Data for this task =
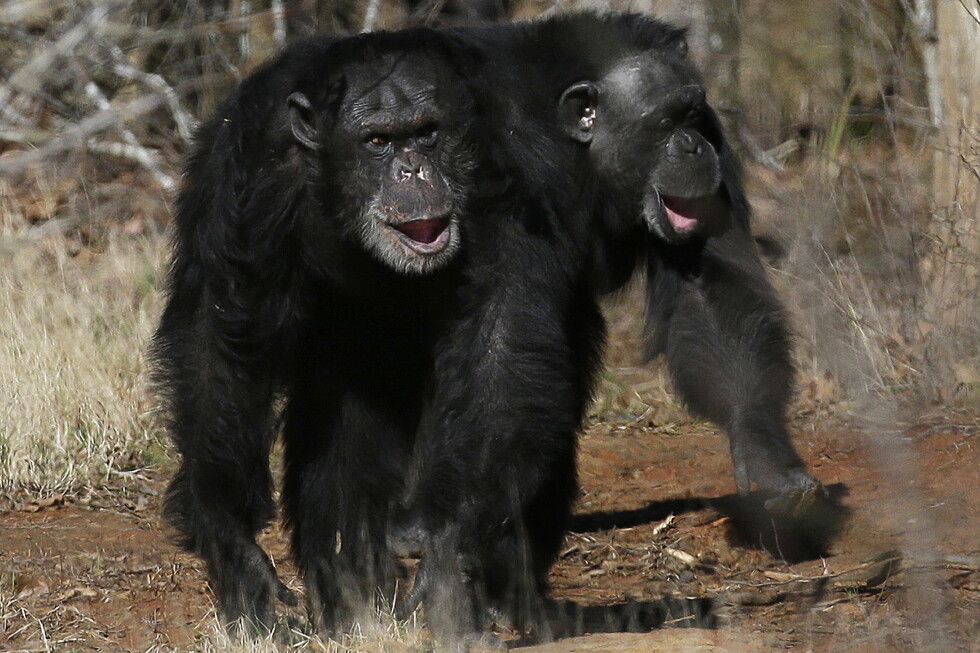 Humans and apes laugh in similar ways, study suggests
---
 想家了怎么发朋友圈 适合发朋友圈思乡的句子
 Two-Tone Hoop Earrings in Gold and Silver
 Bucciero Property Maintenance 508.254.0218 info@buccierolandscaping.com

Exercise =
Above are records; repeat only the lines starting at the line with "想家了怎么发朋友圈 适合发朋友圈思乡的句子" and ending at the line with "Bucciero Property Maintenance", exactly as they appear, both included.

Written response =
 想家了怎么发朋友圈 适合发朋友圈思乡的句子
 Two-Tone Hoop Earrings in Gold and Silver
 Bucciero Property Maintenance 508.254.0218 info@buccierolandscaping.com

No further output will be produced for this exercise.